Biddenden Late Harvest Ortega, Kent, England 2018 (£122, biddendenvineyards.com) “One-hundred-and-twenty-two pounds for an English wine?” It’s a question that is easy to imagine arising just as a mouthful of said wine is being sprayed to all corners in incredulous rage: “You what mate?” I’m not going to get too distracted by issues of value or fairness here. Suffice to say once you’ve got beyond a certain threshold (roughly £25) there’s very little logic to wine pricing. Above that, it’s not about quality per se, it’s about reputation, scarcity, image. But that doesn’t mean a wine cannot be worth that much to someone. If the wine has something unique about it, and you happen to have the money and inclination to spend on it, then who am I to judge. I will, however, say that I tasted Biddenden’s Kentish dessert wine, made from their speciality grape variety Ortega, before I knew the price, and found it’s combination of fresh tropical and English apple fruit, electric acidity, silk-sheet texture and endless length very special indeed.

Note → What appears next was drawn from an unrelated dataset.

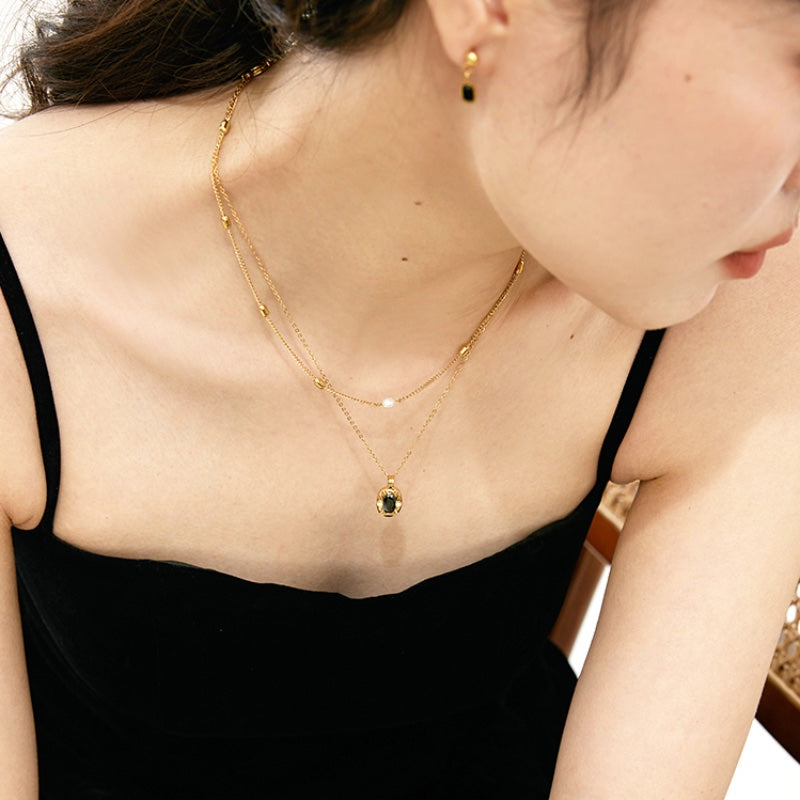 黒瑪瑙 18K メッキピアス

Weingut Joh Jos. Prüm Wehlener Sonnenuhr Kabinett, Mosel, Germany 2018 (from £26.95, corneyandbarrow.com; bbr.com; howardripley.com) Part of the Biddenden Ortega’s attraction for me is that it provides some evidence to support a long-held conviction of mine: that the UK has even greater potential for relatively delicate (the Biddenden has just 10% alcohol) sweet wines in a German style than it does for champagne-alikes. Given that the sparkling wine category is one of the most popular and fastest growing all over the world, and that sweet wine sales have been declining for years, I can understand why most ambitious English winemakers are sticking to the fizz. All the same, if I were to start my own English venture I would be sorely tempted to adapt a German model, planting riesling, and aiming to take advantage of the cool English climate to create wines with the filigree detail, steel-thread acidity, and cushion of sweet exotic fruit that you find in a classic old school, semi-sweet kabinett riesling from the Mosel Valley such as Weingut Joh Jos. Prüm’s.

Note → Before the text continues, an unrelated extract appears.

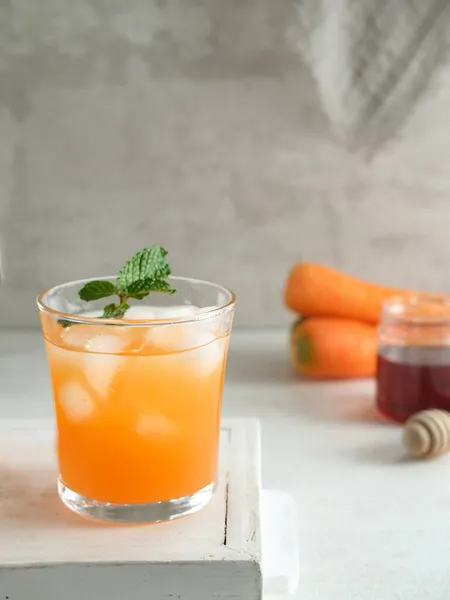 Glass Fresh Carrot Juice Very Good Health Blurred Background Selective — Stock Photo, Image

Booths Sauternes, Bordeaux, France 2017 (£14.50, 37.5cl, booths.co.uk) Another underrated and it seems to me seldom-drunk great sweet wine style is the one made from a blend of the semillon and sauvignon blanc grape varieties in Bordeaux’s Sauternes sub-region. This is sweet wine in a much richer, thicker, more golden and viscous style than Biddenden’s ortega or Prüm’s riesling kabinett. It’s an example of a widespread art of dessert winemaking that depends on the development of so-called noble rot, or Botrytis cinerea, a fungus that grows on the grapes, concentrating the sugars and flavours and acidity in the grapes. The results can be glorious, with notes of marmalade and toffee and cystallised fruits – all of which are found in the benchmark example stocked by the smart northern supermarket Booths; in the flat-out gorgeous, incredible value, multi-vintage blend Ulysse Sauternes (£9.95, 37.5cl, thewinesociety.com); and, with slightly less intensity but still working very well with blue cheese and even the sweetest desserts, Tesco Finest Sauternes 2018 (£12, 37.5cl).